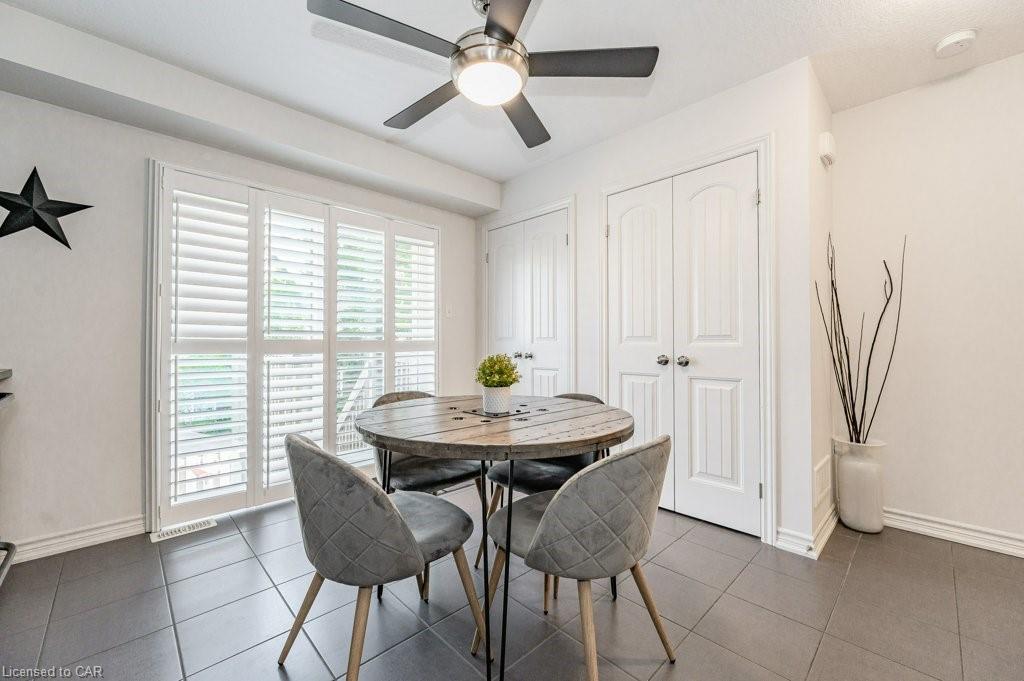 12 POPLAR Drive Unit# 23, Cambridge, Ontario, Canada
+---+
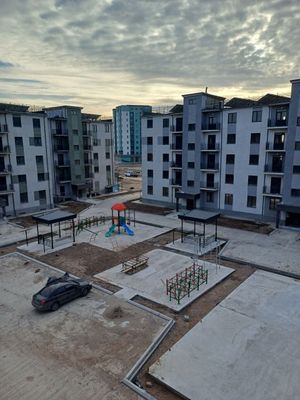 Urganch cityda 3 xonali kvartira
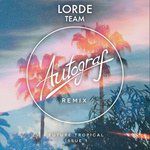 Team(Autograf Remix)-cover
+---+
* **Aim of the exercise**
The reply should hold exactly the lines above, starting at the line with "Urganch cityda 3 xonali kvartira" and ending at the line with "Team(Autograf Remix)-cover", and no pictures.

* **Response box**
 Urganch cityda 3 xonali kvartira
 Team(Autograf Remix)-cover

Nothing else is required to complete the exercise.